キクラゲの解説
中華食材には欠かせない食材で、コリコリとした食感が特徴。形状が人の耳に似ている事から、漢字では「木耳」とも書く。
一般にキクラゲと呼ばれて流通しているものは乾燥保存に適した「アラゲキクラゲ」で、「キクラゲ」は乾燥保存にはあまり適さない事から、流通が少ない。その他、白色の「シロキクラゲ」が食用とされている。
以前は乾燥品の流通が一般的であったが、近年では生のキクラゲもよく見られる。
栽培には2通りの方法があり、ブナやナラ、カエデなどの広葉樹を伐採した原木を培地にして栽培する原木栽培と、オガ粉などを固めた菌床を培地にして栽培する菌床栽培がある。
原木栽培では、通常は原木に種菌を接種して、適度な温度と湿度を保つよう屋外や専用施設で管理し、接種後の夏季より収穫を開始する。環境が適していれば、同じ原木から数年間続けて収穫をする事が出来る。
菌床栽培は、オガ粉に米糠やふすま、おからなどを混ぜて円筒又はブロック状に圧縮成型したものを培地にし、殺菌、種菌接種を行って栽培するが、初心者は、種菌接種済みの菌床栽培キットを購入して栽培すると手軽。室内で適切に管理すれば、2~3週間程で収穫でき、同じ菌床から複数回収穫ができる事もある。
家庭菜園のキクラゲの育て方について
栽培適期
発生温度は14℃~30℃程で、他の多くの菌茸類に比較して高温期に発生、生育する。原木栽培では主に秋~3月頃までに接種を行う。
菌床栽培では、室内気温が適温であれば周年栽培が可能だが、特に初夏~秋が適している。
土壌の準備
原木栽培では、伐採したりホームセンターなどで購入するなどしてブナやナラ、カエデ等の一般広葉樹の原木を用意する。
菌床栽培は、専用の菌床栽培キットを購入するとよい。
栽培方法
原木栽培では、原木にドリルなどで数箇所の穴をあけて専用の種駒を接種する。その後、仮伏せ(原木を棒積みにし、ブルーシートや遮光ネット、ムシロなどで被覆して湿度を保つ)をして、菌糸の発生と活着を促す。
6月頃より本伏せを行う。雨は当たるが直射日光は当たらない環境(少量では雨の当たる日陰や遮光ネットで覆った露地トンネル内など)に井桁に積むなどして、キクラゲの発生を待つ。2~3ケ月毎にほだ木の天地返しを行うとよい。
菌床栽培キットでは、説明書に従って菌床に切り込みを入れて散水、保温、保湿などに努めれば、2~3週間程で収穫をする事が出来る。
収穫
接種同年の夏季から収穫が始まり、翌年からは春から秋までの長期に渡って収穫が出来る。

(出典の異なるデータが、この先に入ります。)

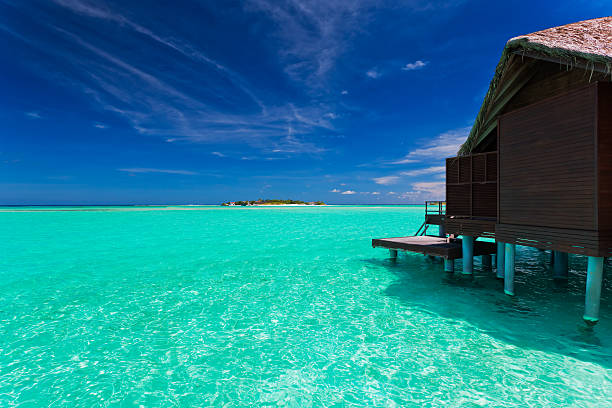 istock Overwater bungalow in lagoon around tropical island 153233676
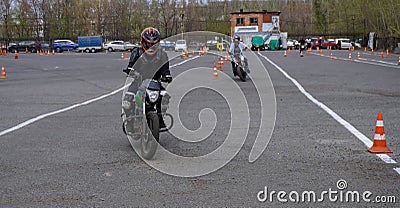 Naberezhnye Chelny, Russia - April 25, 2023: Young people learn to ride a motorbike in a motor school Editorial Stock Photo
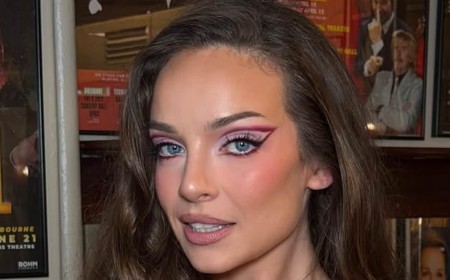 Abbie Chatfield flashes her undies as she slips into edgy outfit including latex corset and sheer skirt for her 'Loves Men' tour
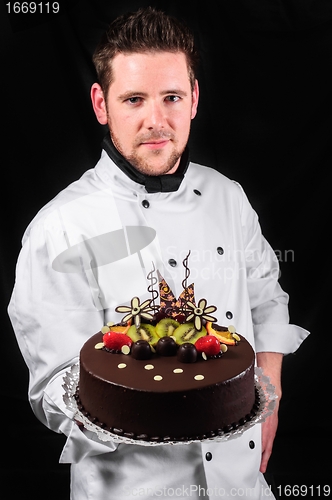 Image of Handsome chef with cake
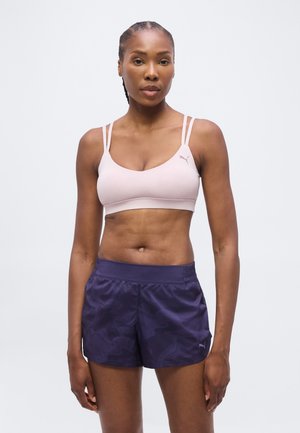Femme aux cheveux tressés portant un soutien-gorge de sport rose clair et un short de sport violet foncé, debout devant un fond blanc uni.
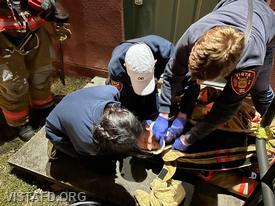 EMT Savannah Phillips, Firefighter/EMT Andy Korman, and EMT Grant Vialardi apply a collar to a downed firefighter during the "EMS Call Scenarios" drill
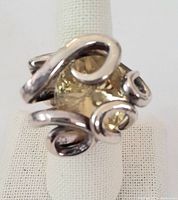 Front angle of antique fork ring showing yellow citrine stone and silver-tone fork tines wrapped around the stone.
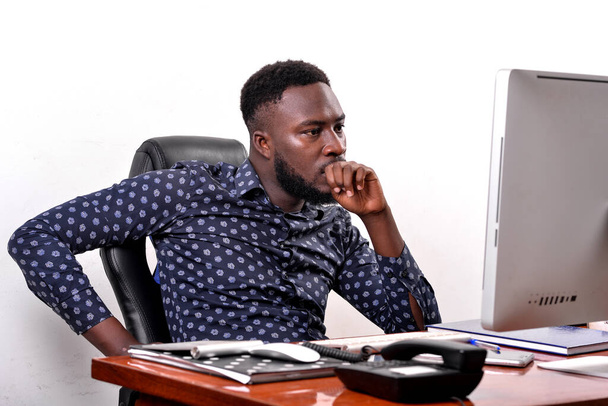 Portret młodego biznesmena siedzi w swoim biurze i pracuje z laptopem trzymając rękę nad ustami. - Zdjęcie, obraz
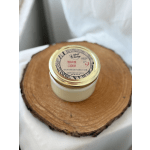 A jar candle with a gold lid sits on a wood slice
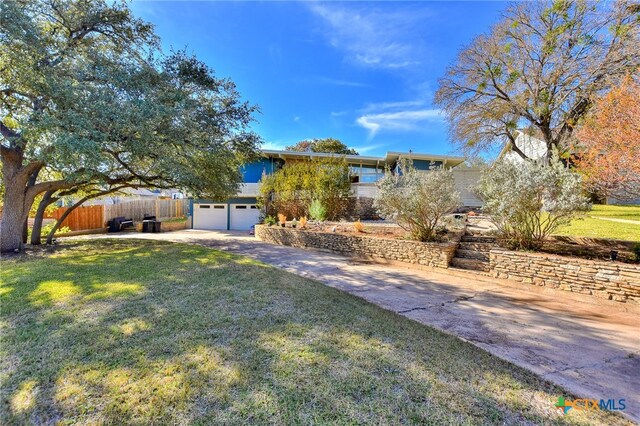 view of yard with a garage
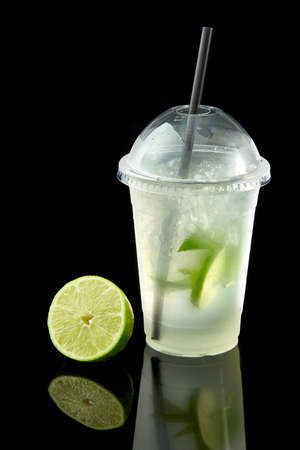 Lemonade to go cup with mint, lime and kiwi on black background, isolated on blackの写真素材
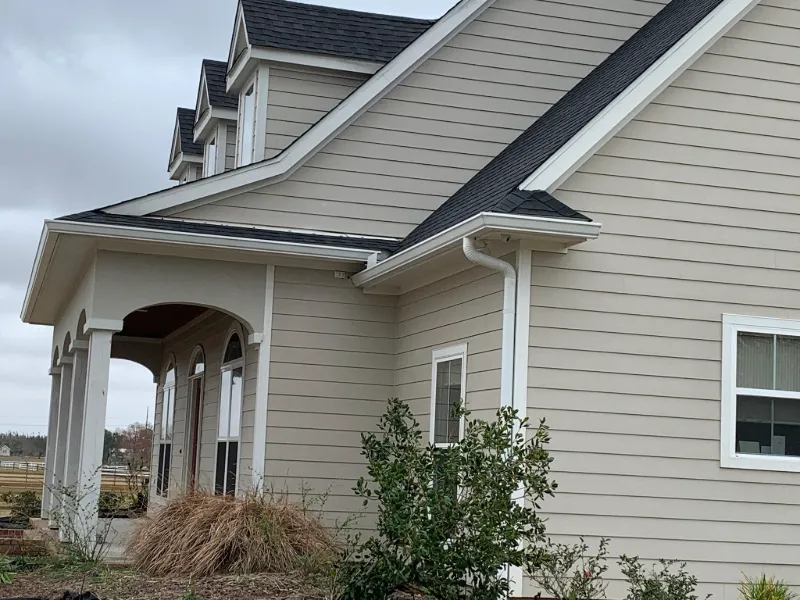 front yard and gutters on brick home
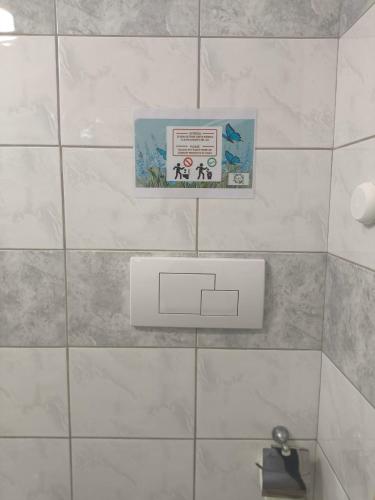 a white tiled bathroom with a sign on the wall at Light Blue Room in Scordia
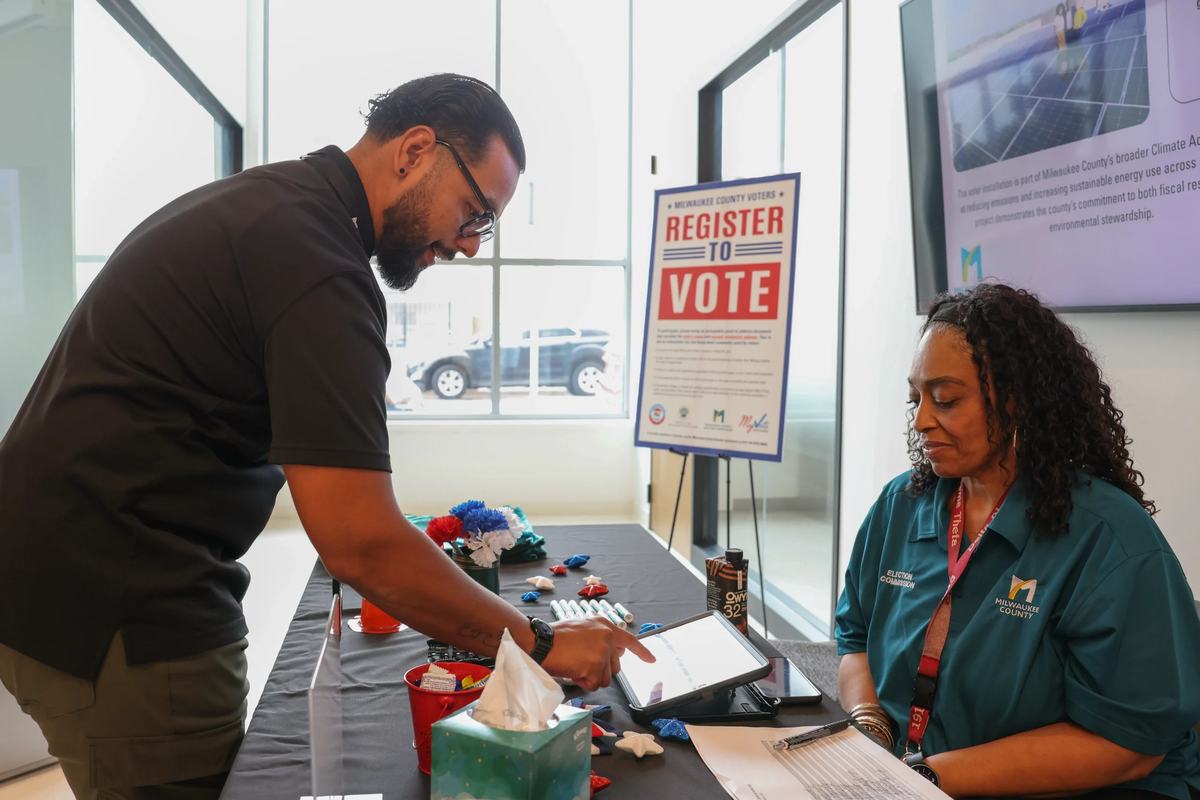 Javier Acevedo talks with Niko Owens, deputy elections director for Milwaukee County, while checking his voter registration status. (Photo by Jonathan Aguilar / Milwaukee Neighborhood News Service / CatchLight Local)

傘が5~8cmに生育した頃が収穫適期。根元からもぎ取る、またはハサミやカッターなどで切り取る。
ポイント
酸欠に弱い為、菌床栽培では常に袋を被せた状態は避け、浴室などの高温多湿の環境で管理するとよい。乾燥にも弱いので、若干の乾燥状態が見られたら、十分に散水するなどして適宜水分を与える。
夏季に生育する為に虫害に遭いやすく、また、カビなどにより腐敗しやすい。菌床栽培の際には収穫時に根元が残るとそこから腐敗する事があるので、根元まで残さずに摘み取るようにする。
キクラゲに発生する病気や生理障害一覧
キクラゲに発生する害虫一覧
キクラゲのオススメ料理について
生キクラゲは石づきを取り除いて適当な大きさに切り、炒めものやスープなどにそのまま使用する。和え物には20~30秒程熱湯で茹でてから使用するとよい。
乾燥キクラゲは水やぬるま湯に20分前後浸けてからよく洗い、生キクラゲと同様に使用する。
シロキクラゲは生または戻した乾燥物を、色を生かしてスープや、甘煮にしてデザートなどに主に使用する。
生キクラゲは乾燥キクラゲに比べると食感にぷりぷりした弾力がある。戻した乾燥キクラゲは繊維質が強く、シャキシャキした食感に富む。
アラゲキクラゲは完全に乾燥させれば長期保存も可能。キクラゲ、シロキクラゲは乾燥させると酷く硬化したり変色する事がある為、一般家庭での乾燥にはあまり向かない。いずれも、冷凍保存は可能。